Prompt:
Filter the records, keeping every line that has the string "with".

---

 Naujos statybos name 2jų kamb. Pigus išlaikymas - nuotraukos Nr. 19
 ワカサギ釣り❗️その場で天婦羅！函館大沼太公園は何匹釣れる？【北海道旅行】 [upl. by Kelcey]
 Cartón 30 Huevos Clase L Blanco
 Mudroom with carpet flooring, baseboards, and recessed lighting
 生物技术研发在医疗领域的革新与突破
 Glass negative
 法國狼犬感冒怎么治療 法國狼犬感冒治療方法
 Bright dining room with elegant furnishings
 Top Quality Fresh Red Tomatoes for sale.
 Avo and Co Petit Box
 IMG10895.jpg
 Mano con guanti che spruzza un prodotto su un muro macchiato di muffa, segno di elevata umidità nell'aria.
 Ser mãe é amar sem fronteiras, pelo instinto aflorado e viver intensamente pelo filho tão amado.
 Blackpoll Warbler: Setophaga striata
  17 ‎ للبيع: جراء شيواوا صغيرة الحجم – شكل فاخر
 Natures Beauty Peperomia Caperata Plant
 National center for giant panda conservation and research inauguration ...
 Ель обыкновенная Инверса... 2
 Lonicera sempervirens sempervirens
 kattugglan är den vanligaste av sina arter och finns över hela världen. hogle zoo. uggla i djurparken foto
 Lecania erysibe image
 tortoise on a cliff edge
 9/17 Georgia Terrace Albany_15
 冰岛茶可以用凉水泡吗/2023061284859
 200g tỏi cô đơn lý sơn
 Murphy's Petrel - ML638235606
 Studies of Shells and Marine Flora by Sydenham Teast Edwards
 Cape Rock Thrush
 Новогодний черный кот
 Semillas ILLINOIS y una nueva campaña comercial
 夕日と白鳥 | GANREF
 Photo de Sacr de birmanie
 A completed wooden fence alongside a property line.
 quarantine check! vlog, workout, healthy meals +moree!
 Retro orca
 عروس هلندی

---

Response to this task:
 Mudroom with carpet flooring, baseboards, and recessed lighting
 Bright dining room with elegant furnishings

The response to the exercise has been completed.